Tuesday, July 29, 2008

Eight Years Ago Today

Traveling to . . . Manhattan

I was in a car full of career-minded theater women lately, traveling out to the beach to celebrate a friend's impending nuptials, when one of the women realized that she was the sole Manhattanite in the car.

"You Brooklyn people," she said. "You never want to leave home." By that she didn't mean our apartments, but our borough.

It's true. The summer I moved to New York--and to Brooklyn--TimeOut New York featured a cover proclaiming "Brooklyn is the New Manhattan." I, like a lot of Brooklynites, avoid Manhattan whenever possible. I'm glad it's there, but I'm even more glad it's over there, so we Brooklyn folk can enjoy our trees and our space and the fact that our sun isn't blocked by skyscrapers.

As I write this, my husband is in Manhattan, visiting both the Tajikistani and Uzbekistani consulates and making sure his papers are in order for his upcoming trip. See? That's exactly the kind of thing you want to be close to--all the consulates of the world!--but an arm's length will do.

We're celebrating our eighth anniversary today in a style that speaks to both parts of our union. You could call it yin/yang, lowbrow/highbrow, earthy/refined, but I prefer Brooklyn/Manhattan.

Part One: Brooklyn's Coney Island, where we also happened to celebrate our first anniversary. Beach, hot dogs, the Wonder Wheel, ice cream, more beach. Sun.

Part Two: To Manhattan for Gordon Ramsay's six-course tasting menu at MAZE:

Marinated beetroot, ricotta, pine nut and Cabernet Sauvignon dressing

Hand dived scallops roasted with spices, golden raisin purée and cauliflower beignets

Carnaroli risotto of Maine lobster, English peas and preserved Meyer lemon
or
Pan fried branzino, tomato and olive fondue, baby artichokes and anchovy butter

Loin of Colorado lamb with spiced belly, guanciale and crushed peas, mint jus
or
Fillet of Brandt beef, morels with braised short rib, glazed asparagus

Apple and caramel trifle with cider granité, cinnamon doughnut

Peanut butter and cherry jam sandwich with salted nuts and cherry sorbet

Oh, my . . . I can hardly wait.
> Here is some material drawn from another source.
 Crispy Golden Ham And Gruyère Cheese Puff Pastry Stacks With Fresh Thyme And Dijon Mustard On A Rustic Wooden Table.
And I'm so grateful to have access to all of this, and my husband, too, before he's eating squirrel and lentils in Central Asia. Happy anniversary.

!

In honor of Ms. Shafak, my blog's title has gained an exclamation point, so that what once was simply TRAVELMONKEYS is now the much more exciting TRAVELMONKEYS!
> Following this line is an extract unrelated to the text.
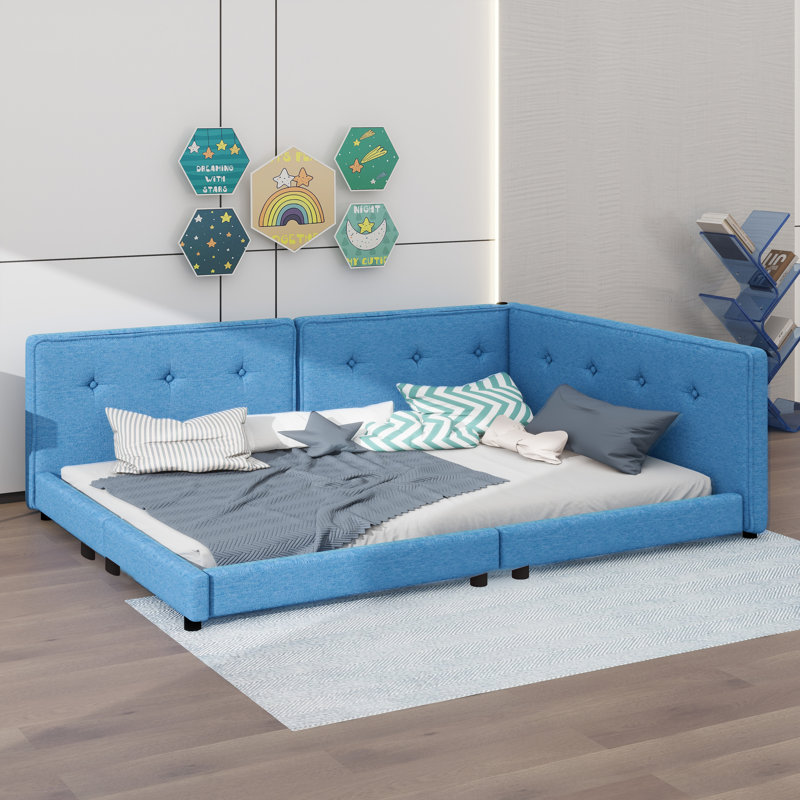 Lit plateforme tapissier avec ports USB intégrés, Double, Bleu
Perhaps it will change back and forth, depending on my mood.

(...on my mood!)

Monday, July 28, 2008

Home Comforts

One of the greatest benefits of spending so much time away from home is how much I appreciate home when I am back. I love my neighborhood in Brooklyn, I love my pumpkin wood floors, I love my uber-comfortable bed and how the quiet and calm of my home allows me to sleep like the dead and dream like a surrealist--but what I love, more than anything else, is having my kitchen back.
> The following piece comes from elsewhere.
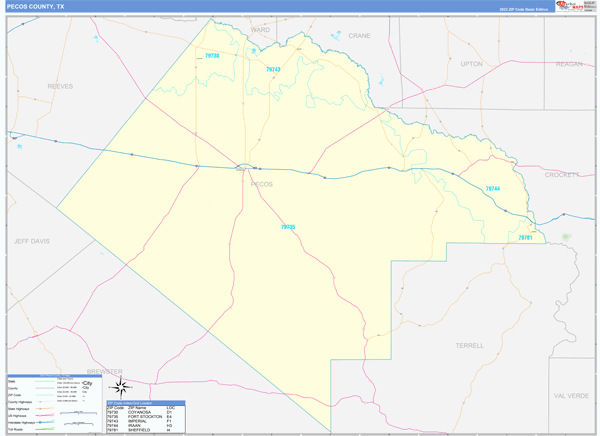 Pecos County, TX Zip Code Wall Map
It's not that I have a lot of fancy tools, but they are all my tools, my spices, and I know exactly how to use them. Chopping vegetables, sauteeing garlic, listing to WNYC's "Evening Music" and "New Sounds"--heaven.

This morning: a whole wheat bagel from the best bagelier in all of NYC, "Bagels by the Park," a convenient 2 blocks away. I took that bagel home, sliced and toasted it, then put Dalmatian Fig-Orange jam on one half, and half a sliced up avocado with lemon and fresh pepper and a pinch of kosher salt on the other. Superb. I would have taken a picture, but I couldn't bear to delay eating.

Sunday, July 27, 2008

Pics from D.C.

I'd hoped to see more of D.C., but due to a death in the family I had to cut my trip short. Mike stayed behind to finish off the run and snapped a few pics with his camera phone. The second is of the plaque outside the home the theater put us up in--that's Admiral Peary, the famed Arctic explorer who Mike references in "Great Men of Genius: Tesla."

Saturday, July 26, 2008

The Bastard of Istanbul



Oof. I picked up this book at SeaTac airport, thinking it might help provide some insight during my upcoming trip to Istanbul. This is the author, Elif Shafak's, second book written in English. I'm guessing/hoping her previous books were better-written.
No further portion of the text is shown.